大河内賞は、故大河内正敏博士の功績を記念して、公益財団法人大河内記念会が、生産工学、生産技術、生産システムの研究並びに実施などに関するわが国の業績で、学術の進歩と産業の発展に大きく貢献した顕著な業績に対して表彰する伝統と権威のある賞。贈賞式は今年3月26日に日本工業倶楽部会館で実施される。
日本の下水道管の敷設総延長は49万kmに達するが、特に20万kmを越える30年経過管での破損が急増し喫緊の対策が必要となっている。
そこで、7割を占める小口径150~400mmの老朽化した下水道管を対象として非開削により老朽管を新管同等に更生できる「オメガライナー工法」を開発した。

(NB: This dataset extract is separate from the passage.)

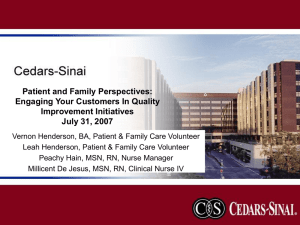 Patient and Family Perspectives: Engaging Your Customers In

同工法の材料には、長期の耐食性、耐薬品性、耐摩耗性に優れる硬質ポリ塩化ビニルを基材に、独自のグラフト重合技術と相溶性改質剤により耐衝撃性、変形に対する柔軟性、高施工性を付与した独自樹脂を使用している。同樹脂をパイプ形状に押出成形し、残留ひずみを制御しつつ断面をオメガ型形状に予め折り畳みドラムに巻き取られた状態で施工現場に搬入される。ドラムに巻かれたオメガライナー工法用パイプを老朽管内に引き込み、その形状記憶性を利用して管内で円筒形に復元し新管を形成するものであり、施工現場で化学反応を必要としない工場生産品であるため、施工面での品質不具合は起こさない。
施工方法、施工機材の開発、管厚・耐震設計理論の構築、検証方法の確立と認定の取得を行い、今日広く老朽管の更生に適用されている。

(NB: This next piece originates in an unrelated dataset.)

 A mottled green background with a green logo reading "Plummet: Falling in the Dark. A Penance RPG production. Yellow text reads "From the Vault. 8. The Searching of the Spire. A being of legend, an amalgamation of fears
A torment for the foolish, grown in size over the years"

同社グループは、長期ビジョン「Vision 2030」において、「Innovation for the Earthサステナブルな社会の実現に向けて、LIFEの基盤を支え、「未来につづく安心」を創造する」をビジョンステートメントとして掲げている。管路更生事業はSDGs(9:産業と技術革新の基盤を作ろう・12:つくる責任つかう責任・13:気候変動に具体的な対策を)にも合致しており、人びとの安心が未来につづくよう、老朽化が進むライフラインの更新、社会インフラの維持に、今後も益々貢献していく。